The Submitted message is posted only after all validators pass. If any field has a validation error, the layout highlights the problem and does not post the message — you never see invalid data in your handler.

get_data() return type

get_data() returns a dict[str, Any] where each key is the field name (a string) and each value is the Python-typed result of the field's to_python() method. IntegerField values are int | None, BooleanField values are bool, and StringField values are str | None.

Complete runnable example

Putting it all together:

contact_form.py
from textual.app import App, ComposeResult, on
from textual_wtf import (
    Form,
    StringField,
    IntegerField,
    BooleanField,
    EmailValidator,
)


class ContactForm(Form):
    title = "Contact Us"

    name = StringField(
        "Name",
        required=True,
        min_length=2,
        help_text="Enter your full name.",
    )
    age = IntegerField(
        "Age",
        minimum=0,
        maximum=120,
        help_text="Your age in years.",
    )
    newsletter = BooleanField(
        "Subscribe to the newsletter",
    )


class ContactApp(App):
    CSS = """
    Screen {
        align: center middle;
    }
    DefaultFormLayout {
        width: 60;
        max-height: 80%;
        border: solid $primary;
        padding: 1 2;
    }
    """

    def compose(self) -> ComposeResult:
        self.form = ContactForm()
        yield self.form.layout()

    @on(ContactForm.Submitted)
    def on_submitted(self, event: ContactForm.Submitted) -> None:
        data = event.form.get_data()
        self.notify(f"Hello, {data['name']}!", severity="information")

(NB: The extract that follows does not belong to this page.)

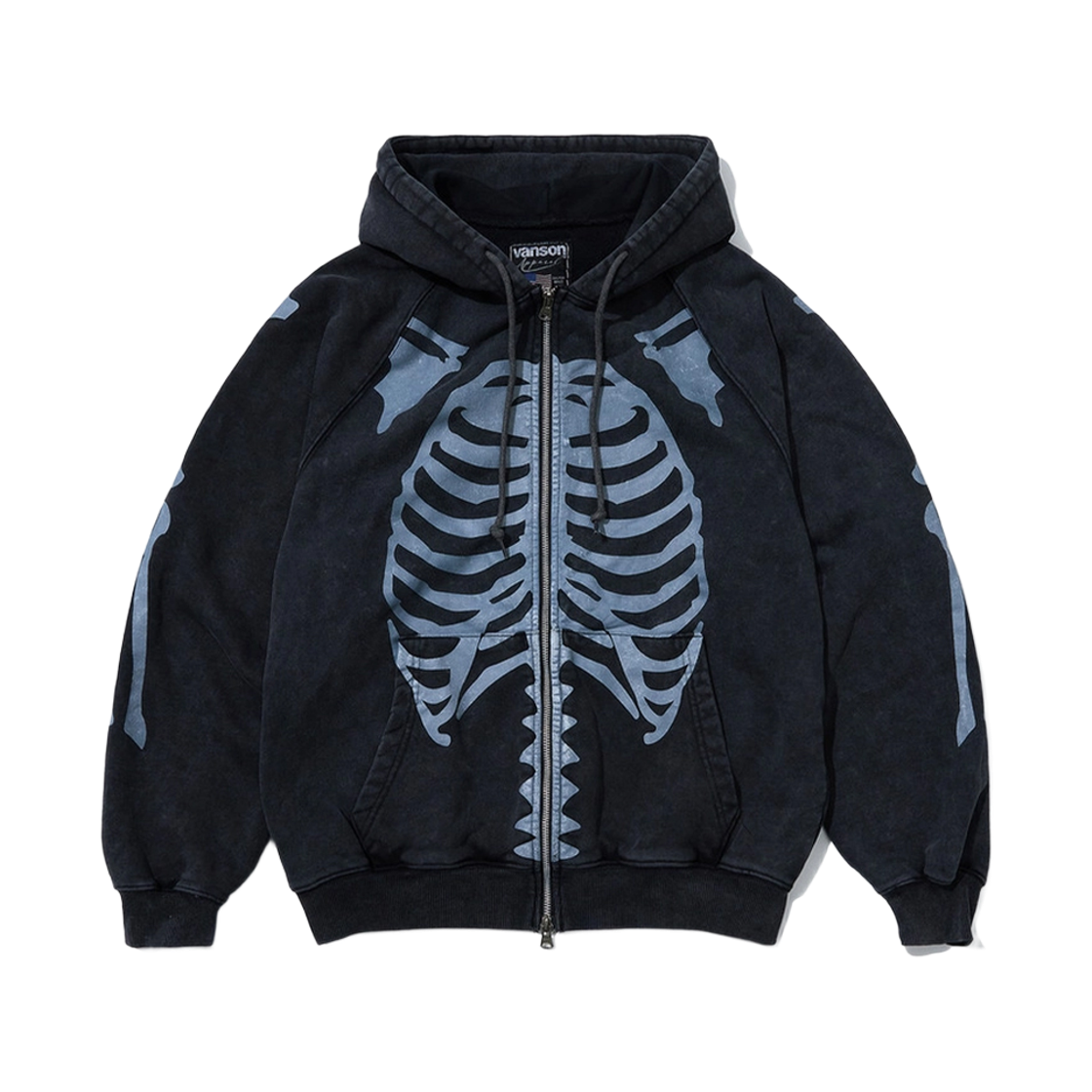 벤슨 레더 오리지날 본 스웻 집 후디 / 피그먼트(Vanson Leathers Original Bone Sweat Zip Hoodie / Pigment)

    @on(ContactForm.Cancelled)
    def on_cancelled(self, event: ContactForm.Cancelled) -> None:
        self.app.exit()


if __name__ == "__main__":
    ContactApp().run()

Run it with:

python contact_form.py

Pre-populating with data

Pass a data dictionary to the form constructor to pre-populate field values. This is useful for edit screens where you are modifying an existing record.

existing_record = {"name": "Alice", "age": 30, "newsletter": True}

self.form = ContactForm(data=existing_record)
yield self.form.layout()

Each key in the dictionary must match a field name. Keys that do not correspond to any field are silently ignored.

Updating values at runtime

Use form.set_data({"name": "Bob", "age": 25}) to update field values after the form has already been composed. Only the named fields are updated; others are left unchanged.